= DESCRIPTION OF THE TASK =
Scan the data below and pick out the lines containing the word "Truck".

[Saved entries]
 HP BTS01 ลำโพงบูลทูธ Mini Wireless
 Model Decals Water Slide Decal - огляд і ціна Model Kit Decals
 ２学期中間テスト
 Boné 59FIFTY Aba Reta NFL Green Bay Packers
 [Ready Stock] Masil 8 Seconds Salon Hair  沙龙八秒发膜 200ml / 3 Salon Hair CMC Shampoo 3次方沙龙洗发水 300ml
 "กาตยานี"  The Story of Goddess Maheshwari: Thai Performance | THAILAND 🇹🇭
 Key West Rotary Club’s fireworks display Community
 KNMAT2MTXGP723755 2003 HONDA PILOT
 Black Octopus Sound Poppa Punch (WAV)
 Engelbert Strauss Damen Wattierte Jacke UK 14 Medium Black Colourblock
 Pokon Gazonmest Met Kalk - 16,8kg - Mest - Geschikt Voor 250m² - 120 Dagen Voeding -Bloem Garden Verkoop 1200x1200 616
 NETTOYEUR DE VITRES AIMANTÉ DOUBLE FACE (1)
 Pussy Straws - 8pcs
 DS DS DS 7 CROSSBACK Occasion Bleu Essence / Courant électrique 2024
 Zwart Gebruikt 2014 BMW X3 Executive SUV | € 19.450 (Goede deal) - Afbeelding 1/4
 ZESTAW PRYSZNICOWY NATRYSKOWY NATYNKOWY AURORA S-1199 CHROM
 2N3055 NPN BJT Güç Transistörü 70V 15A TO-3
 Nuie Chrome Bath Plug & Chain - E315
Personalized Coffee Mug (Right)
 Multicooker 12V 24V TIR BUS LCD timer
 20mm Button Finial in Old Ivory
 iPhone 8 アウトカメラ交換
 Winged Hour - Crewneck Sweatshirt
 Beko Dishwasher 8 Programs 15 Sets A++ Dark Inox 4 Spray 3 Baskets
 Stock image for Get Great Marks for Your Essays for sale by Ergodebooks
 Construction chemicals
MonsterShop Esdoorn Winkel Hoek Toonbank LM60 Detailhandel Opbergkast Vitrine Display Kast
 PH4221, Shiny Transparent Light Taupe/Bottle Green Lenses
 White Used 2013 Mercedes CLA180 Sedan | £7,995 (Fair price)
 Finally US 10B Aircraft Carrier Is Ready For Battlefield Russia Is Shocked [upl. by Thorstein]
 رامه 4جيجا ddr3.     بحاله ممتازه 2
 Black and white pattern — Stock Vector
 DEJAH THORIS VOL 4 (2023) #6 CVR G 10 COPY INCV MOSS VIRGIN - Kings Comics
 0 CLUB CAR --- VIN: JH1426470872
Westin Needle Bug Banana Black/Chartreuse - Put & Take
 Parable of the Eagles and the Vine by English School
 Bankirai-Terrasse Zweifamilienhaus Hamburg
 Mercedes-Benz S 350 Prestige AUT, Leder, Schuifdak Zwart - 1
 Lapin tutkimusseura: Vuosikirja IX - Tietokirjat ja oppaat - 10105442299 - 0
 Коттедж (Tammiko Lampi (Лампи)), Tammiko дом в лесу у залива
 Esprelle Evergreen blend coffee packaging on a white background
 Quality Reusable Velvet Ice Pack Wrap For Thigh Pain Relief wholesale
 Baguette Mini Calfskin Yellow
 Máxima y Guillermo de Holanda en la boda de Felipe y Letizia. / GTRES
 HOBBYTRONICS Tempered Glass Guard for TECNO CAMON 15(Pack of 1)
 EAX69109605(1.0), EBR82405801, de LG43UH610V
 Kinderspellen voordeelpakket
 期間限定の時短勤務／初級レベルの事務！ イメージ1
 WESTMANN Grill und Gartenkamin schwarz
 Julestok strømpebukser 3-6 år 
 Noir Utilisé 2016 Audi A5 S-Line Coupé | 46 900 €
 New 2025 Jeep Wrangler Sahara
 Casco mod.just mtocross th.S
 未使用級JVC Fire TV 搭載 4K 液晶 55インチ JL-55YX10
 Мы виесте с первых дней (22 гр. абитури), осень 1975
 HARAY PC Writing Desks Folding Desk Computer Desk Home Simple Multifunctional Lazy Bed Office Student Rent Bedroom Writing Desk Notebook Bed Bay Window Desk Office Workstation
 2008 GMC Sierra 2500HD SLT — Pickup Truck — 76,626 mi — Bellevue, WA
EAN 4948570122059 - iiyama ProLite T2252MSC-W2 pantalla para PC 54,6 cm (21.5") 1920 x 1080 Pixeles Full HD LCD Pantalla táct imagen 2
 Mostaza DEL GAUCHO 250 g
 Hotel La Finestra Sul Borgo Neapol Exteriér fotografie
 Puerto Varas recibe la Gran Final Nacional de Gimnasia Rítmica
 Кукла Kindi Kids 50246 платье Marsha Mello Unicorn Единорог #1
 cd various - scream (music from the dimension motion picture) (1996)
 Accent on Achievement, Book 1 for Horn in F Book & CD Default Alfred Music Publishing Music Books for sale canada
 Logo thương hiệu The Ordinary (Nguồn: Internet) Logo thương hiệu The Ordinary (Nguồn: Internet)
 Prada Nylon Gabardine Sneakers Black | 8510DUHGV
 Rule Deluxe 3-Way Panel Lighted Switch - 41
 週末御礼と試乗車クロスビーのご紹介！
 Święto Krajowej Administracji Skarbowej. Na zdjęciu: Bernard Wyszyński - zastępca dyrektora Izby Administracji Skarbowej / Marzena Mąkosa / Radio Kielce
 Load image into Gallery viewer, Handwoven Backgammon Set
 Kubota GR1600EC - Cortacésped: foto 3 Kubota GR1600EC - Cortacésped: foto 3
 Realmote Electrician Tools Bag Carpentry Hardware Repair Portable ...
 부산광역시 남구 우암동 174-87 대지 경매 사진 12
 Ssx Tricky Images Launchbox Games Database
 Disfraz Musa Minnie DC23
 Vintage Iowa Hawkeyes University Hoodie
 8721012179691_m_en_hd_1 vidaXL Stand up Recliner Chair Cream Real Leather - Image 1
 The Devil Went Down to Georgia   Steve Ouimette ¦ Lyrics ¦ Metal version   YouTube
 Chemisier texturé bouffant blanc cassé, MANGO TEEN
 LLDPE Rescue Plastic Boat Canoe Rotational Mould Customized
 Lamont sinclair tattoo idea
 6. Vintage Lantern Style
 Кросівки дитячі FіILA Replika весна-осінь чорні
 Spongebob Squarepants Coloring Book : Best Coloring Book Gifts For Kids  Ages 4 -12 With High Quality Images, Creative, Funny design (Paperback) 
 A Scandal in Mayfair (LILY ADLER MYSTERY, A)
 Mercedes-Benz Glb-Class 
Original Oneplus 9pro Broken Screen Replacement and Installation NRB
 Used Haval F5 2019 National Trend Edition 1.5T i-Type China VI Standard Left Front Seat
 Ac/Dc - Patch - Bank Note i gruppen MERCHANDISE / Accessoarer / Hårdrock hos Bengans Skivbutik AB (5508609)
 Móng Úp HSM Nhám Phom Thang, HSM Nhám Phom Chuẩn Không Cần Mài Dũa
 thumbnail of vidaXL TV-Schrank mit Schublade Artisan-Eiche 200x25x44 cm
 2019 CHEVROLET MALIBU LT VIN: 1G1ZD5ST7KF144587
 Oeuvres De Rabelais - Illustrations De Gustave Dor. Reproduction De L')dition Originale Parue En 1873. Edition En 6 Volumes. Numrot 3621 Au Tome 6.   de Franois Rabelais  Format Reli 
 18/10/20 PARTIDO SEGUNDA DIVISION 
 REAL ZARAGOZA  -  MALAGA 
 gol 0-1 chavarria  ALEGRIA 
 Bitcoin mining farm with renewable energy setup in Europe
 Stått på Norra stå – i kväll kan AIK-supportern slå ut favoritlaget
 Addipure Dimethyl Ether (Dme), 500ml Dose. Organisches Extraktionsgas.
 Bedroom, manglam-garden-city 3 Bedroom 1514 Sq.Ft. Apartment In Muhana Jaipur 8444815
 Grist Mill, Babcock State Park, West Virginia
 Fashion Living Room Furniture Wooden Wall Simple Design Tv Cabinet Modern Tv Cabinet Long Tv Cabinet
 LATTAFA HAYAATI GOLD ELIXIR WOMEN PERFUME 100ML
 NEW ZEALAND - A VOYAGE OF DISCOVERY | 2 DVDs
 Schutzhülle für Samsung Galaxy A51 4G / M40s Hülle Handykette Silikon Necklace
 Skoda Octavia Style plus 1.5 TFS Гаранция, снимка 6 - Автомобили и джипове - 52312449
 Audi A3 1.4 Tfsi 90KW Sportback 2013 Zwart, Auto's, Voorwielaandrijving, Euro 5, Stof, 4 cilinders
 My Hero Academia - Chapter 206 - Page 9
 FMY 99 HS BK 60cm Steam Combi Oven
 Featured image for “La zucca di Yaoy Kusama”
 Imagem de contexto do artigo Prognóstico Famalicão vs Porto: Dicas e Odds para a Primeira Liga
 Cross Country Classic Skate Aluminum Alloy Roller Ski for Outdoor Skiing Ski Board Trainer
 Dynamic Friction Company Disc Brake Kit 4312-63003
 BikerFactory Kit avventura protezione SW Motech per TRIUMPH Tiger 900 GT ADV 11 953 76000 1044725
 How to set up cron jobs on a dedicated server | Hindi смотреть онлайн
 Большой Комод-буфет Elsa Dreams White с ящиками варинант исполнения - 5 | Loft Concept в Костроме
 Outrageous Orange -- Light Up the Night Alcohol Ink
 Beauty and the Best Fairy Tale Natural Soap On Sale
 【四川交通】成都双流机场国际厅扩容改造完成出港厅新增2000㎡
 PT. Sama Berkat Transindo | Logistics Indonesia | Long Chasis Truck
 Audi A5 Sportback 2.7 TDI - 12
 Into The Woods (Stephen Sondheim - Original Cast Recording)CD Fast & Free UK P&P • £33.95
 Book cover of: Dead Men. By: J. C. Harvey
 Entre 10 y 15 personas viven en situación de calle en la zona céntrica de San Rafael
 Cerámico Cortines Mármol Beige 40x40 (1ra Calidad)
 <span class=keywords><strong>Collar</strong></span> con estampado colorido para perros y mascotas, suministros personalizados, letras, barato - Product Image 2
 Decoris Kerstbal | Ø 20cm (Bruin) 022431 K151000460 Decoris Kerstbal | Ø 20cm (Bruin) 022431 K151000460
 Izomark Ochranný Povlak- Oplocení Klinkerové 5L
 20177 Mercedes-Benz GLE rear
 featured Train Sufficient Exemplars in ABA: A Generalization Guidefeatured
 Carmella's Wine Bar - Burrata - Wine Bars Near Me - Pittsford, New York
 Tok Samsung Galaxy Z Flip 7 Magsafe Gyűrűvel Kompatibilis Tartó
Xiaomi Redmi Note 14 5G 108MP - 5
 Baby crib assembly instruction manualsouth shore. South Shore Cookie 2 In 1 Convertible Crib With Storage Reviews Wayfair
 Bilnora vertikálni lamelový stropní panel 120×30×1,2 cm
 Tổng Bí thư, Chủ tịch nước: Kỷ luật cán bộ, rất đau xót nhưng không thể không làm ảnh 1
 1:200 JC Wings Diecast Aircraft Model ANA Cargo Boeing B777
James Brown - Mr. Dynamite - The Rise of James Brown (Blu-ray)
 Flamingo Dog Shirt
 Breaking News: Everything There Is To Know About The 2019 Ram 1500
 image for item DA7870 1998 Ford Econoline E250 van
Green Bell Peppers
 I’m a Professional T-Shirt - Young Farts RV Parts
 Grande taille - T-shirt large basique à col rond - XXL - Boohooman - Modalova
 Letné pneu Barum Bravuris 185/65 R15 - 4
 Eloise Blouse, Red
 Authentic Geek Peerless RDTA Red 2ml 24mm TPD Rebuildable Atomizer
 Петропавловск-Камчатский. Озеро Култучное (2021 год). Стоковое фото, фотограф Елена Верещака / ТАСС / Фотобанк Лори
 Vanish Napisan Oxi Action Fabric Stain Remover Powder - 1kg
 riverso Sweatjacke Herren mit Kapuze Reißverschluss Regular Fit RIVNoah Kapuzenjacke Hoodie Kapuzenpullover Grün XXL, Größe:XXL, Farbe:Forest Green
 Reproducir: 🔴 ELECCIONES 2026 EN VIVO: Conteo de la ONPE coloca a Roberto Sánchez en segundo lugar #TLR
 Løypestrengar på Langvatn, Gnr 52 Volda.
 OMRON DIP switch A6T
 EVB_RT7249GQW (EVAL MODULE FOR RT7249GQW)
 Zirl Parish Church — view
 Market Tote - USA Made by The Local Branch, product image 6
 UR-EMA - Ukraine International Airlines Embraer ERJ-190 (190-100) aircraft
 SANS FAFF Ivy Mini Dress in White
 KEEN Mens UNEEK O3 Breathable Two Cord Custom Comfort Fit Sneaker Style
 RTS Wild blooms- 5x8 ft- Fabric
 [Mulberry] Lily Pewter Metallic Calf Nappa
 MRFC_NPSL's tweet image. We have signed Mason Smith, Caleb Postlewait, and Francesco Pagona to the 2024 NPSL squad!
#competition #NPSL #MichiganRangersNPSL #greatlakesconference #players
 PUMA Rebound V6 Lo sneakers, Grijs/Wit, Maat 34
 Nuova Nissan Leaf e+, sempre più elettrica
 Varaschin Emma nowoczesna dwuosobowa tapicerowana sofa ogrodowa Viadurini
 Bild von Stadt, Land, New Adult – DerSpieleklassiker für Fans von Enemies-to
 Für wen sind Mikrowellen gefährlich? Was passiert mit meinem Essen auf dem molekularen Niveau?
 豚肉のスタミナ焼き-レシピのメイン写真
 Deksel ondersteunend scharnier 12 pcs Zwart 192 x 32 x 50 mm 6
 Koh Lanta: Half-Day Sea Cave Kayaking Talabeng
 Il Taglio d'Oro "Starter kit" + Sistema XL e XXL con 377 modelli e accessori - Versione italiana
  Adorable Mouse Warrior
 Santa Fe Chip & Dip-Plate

= ANSWER TO THIS PROBLEM =
 2008 GMC Sierra 2500HD SLT — Pickup Truck — 76,626 mi — Bellevue, WA
 PT. Sama Berkat Transindo | Logistics Indonesia | Long Chasis Truck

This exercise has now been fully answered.